On sent tout de même que derrière ce conte, Kivirähk tient des propos engagés et virulents sur les traditions, la politique ou encore les mœurs de son pays. Le postface de Jean-Pierre Minaudier (qui est aussi le traducteur du livre) explique bien le contexte dans lequel cette œuvre et les idées que véhicule l’auteur s’inscrivent ; et, ne connaissant rien de l’Histoire ou de la politique estonienne, j’ai trouvé que cela venait bien compléter ma lecture. Il nous explique aussi qu’avec la traduction beaucoup de références, de subtilités et de jeux de mots sont passés à la trappe et cela me rappelle que à quel point j’aimerais savoir lire toutes les langues du monde !

Cela dit, je me suis aussi rendue compte que, auteur estonien ou pas, les questionnements soulevés dans ce livre ont un écho universel.

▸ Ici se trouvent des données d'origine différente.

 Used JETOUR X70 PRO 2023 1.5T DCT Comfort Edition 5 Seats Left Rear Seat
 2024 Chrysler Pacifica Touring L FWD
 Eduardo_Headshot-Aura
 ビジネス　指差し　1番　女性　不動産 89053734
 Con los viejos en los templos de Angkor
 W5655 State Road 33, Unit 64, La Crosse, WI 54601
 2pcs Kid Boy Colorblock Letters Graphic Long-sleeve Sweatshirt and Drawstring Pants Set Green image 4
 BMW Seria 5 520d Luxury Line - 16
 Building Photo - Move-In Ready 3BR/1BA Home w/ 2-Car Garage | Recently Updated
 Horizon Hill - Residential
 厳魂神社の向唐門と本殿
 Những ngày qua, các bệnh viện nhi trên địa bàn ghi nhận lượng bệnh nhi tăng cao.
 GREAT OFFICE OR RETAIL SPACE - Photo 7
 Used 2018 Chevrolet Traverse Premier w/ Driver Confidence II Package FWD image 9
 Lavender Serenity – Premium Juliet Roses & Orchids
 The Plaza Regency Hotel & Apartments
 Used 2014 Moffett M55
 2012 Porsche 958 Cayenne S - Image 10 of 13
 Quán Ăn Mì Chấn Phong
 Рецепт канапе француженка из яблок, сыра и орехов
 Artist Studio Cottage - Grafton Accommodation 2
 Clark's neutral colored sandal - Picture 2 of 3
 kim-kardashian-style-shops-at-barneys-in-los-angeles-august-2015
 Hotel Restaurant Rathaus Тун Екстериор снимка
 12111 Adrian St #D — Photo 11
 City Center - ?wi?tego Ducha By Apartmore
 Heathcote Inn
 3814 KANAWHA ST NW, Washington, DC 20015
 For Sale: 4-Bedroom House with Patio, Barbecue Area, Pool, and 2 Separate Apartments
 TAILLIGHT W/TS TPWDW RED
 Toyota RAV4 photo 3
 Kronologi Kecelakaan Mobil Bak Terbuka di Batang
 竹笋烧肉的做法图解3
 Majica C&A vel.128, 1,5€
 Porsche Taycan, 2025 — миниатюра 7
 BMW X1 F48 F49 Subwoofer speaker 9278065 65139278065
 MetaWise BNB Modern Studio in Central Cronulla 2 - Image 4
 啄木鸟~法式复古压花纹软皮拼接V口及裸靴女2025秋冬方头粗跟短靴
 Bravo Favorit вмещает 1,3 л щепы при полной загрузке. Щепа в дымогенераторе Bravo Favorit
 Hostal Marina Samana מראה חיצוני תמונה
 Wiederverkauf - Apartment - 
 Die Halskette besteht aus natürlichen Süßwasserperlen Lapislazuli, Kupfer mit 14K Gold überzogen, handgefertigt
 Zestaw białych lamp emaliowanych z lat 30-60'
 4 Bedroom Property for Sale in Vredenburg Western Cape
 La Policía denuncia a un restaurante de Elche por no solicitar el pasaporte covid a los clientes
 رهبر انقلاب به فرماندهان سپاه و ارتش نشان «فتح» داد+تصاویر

C’est pour cela que je ne me suis pas sentie perdu face à ces traditions et à cette Histoire étrangères. S’adapter c’est survivre, certes, mais la modernité et le progrès doivent avoir un sens. On ne peut pas les suivre par mode ou par déférence pour des peuples que nous croyons plus avancés que le notre sans risquer de perdre notre identité. Mais on ne peut pas non plus fantasmer un passé meilleur que ce qu’il a été en réalité et faire fi des changements qui s’opèrent autours de nous. A une époque comme la notre, où la globalisation menace l’identité des petits pays mais aussi où nous commercialisons la nostalgie et l’authenticité du passé, ce livre gratte là où c’est absurde et dénonce l’ambivalence complètement inassumée de l’être l’humain.

Une belle lecture, drôle, surprenante et pleine de réflexions que je conseille, que l’on soit fan de littérature scandinave ou pas.